6. Legitimasi Aktivitas Bisnis
Masyarakat menentukan mana yang benar dan salah, contohnya adalah kekuatan untuk
menilai. Maka dari itu, dalam jangka panjang, perusahaan yang menggunakan
kekautannya tidak sesuai dengan definisi ‘bertanggungjawab’ oleh masyarakat, akan
kehilangan legitimasinya.
7. Proses Kontekstual
CSR adalah suatu proses dibanding rangkaian outcomes. CSR tidak dapat menjadi suatu
konsep statis karena masyarakat adalah sesuatu yang dinamis. Maka dari itu, CSR menjadi
sebih proses yang berkelanjutan untuk mengawasi lingkungan dan hubungan, bukan suatu
misi tetap yang ditujukan kepada kelompok tertentu dengan prioritas yang telah ditentukan
dan tetap. Karakteristik terakhir adalah CSR dalam prakteknya merupakan sesuatu yang
sangat kontekstual, sensitif terhadap lingkungan, organisasi, dan bahkan individu tertentu.
Saat ini, CSR terus berkembang dan telah menghasilkan konsep-konsep baru yang terus
disempurnakan. Salah satu literatur yang berpengaruh adalah Wood (1991) berpendapat
bahwa CSR dikelompokkan menjadi tiga prinsip utama, yaitu: prinsip legitimasi, prinsip
tanggung jawab publik, serta prinsip individual-focused. Hal tersebut menjadi dasar bagi
definisi CSR yang lebih jelas. Konsep yang lebih baru lagi adalah Total Quality Management
(TQM) Framework yang membutuhkan ethical anchor untuk mengombinasikan permintaan
normatif dengan ekspektasi instrumental, serta bertujuan untuk mencapai performa yang
sustainable.
Salah satu konsep yang paling umum adalah pendekatan stakeholder (stakeholder approach)
yang telah dibahas dalam begitu banyak literatur hingga tentunya menimbulkan perdebatan.
Kesulitan utama dalam penerapannya adalah latar belakang penelitian yang begitu beragam.

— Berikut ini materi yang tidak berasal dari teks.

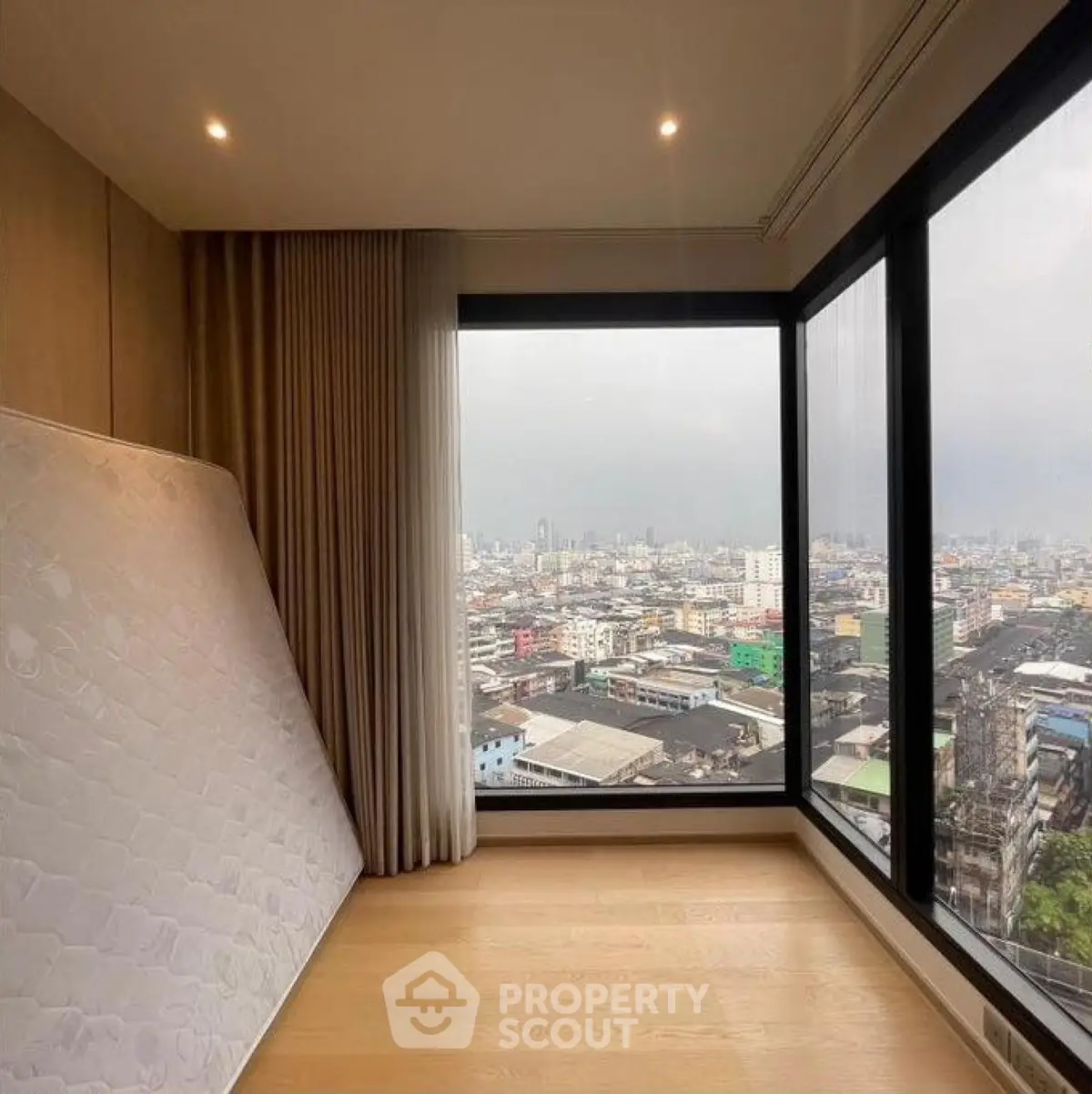 Spacious corner unit with panoramic city view and large windows, perfect for urban living.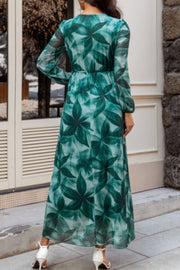V-neck wrap maxi dress in green botanical print, long sleeves, elastic waist, flowy skirt.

Pada intinya, stakeholder approach adalah sesuatu yang sangat bertolak belakang dengan
shareholder approach. Jones & Wicks (1999) menyimpulkan empat hal utama dari
stakeholder theory, yaitu: (1) perusahaan memiliki hubungan dengan stakeholder, (2) proses
dan hasil dari hubungan tersebut adalah kepentingan, (3) kepentingan dari legitimate
stakeholder memiliki nilai, (4) fokus stakeholder theory adalah managerial decision-making.
Untuk merangkum, Jones (2002) berpendapat bahwa konsep stakeholder adalah ‘untuk
perform well, manajer harus memperhatikan seluruh susunan stakeholder dan manajer juga
memiliki obligasi kepada para stakeholder termasuk dengan, tetapi melebihi, shareholder.
Pada dasarnya, tujuan stakeholder approach bukanlah untuk mengalihkan tujuan perusahaan
dari profit, melainkan untuk memperluas shareholder model. Perusahaan sudah banyak yang
melakukan hal ini dengan menerapkan balanced scorecard. Terdapat dua perspektif dalam
stakeholder approach yaitu instrumental theory yang mengatakan bahwa stakeholder
approach adalah suatu instrumen untuk mencapai hasil yang diinginkan, terutama
profitability. Kedua adalah normative approach yang beranggapan bahwa stakeholder
approach adalah legitimasi utama yang etis akan tuntutan stakeholder mengenai tujuan
organisasional perusahaan.
Pada praktiknya, terdapat kritik terhadap stakeholder approach karena seringkali timbul
managerial practicality yang lemah dan seringkali tidak memberikan panduan akan
bagaimana menghadapi stakeholder secara konkret. Tetapi, hal tersebut adalah sesuatu yang
harus dilakukan untuk mendapatkan legitimasi dari masyarakat. Convergent stakeholder
theory menjembatani masalah tersebut dengan memadukan instrumental dan normative
approach.
Sebenarnya, siapakah yang dimaksud dengan stakeholder? Stakeholder adalah semua pihak
yang terlibat, baik secara langsung maupun tidak langsung, dalam aktivitas bisnis. Namum,
cakupan yang terlalu luas dapat menjadikan stakeholder sebagai pihak yang justru
membahayakan daripada mendukung perusahaan. Maka dari itu, perlu dilakukan stakeholder
mapping, power/interest matrix, atau stakeholder moral responsibilities’ matrix. Beberapa
pebisnis mengelompokkan stakeholder sebagai primary/secondary, eksternal/internal,
sosial/non-sosial, dan masih banyak lagi. Stakeholder yang umum adalah shareholder,
konsumen, pemasok, komunitas lokal, kompetitor, dan lain-lain.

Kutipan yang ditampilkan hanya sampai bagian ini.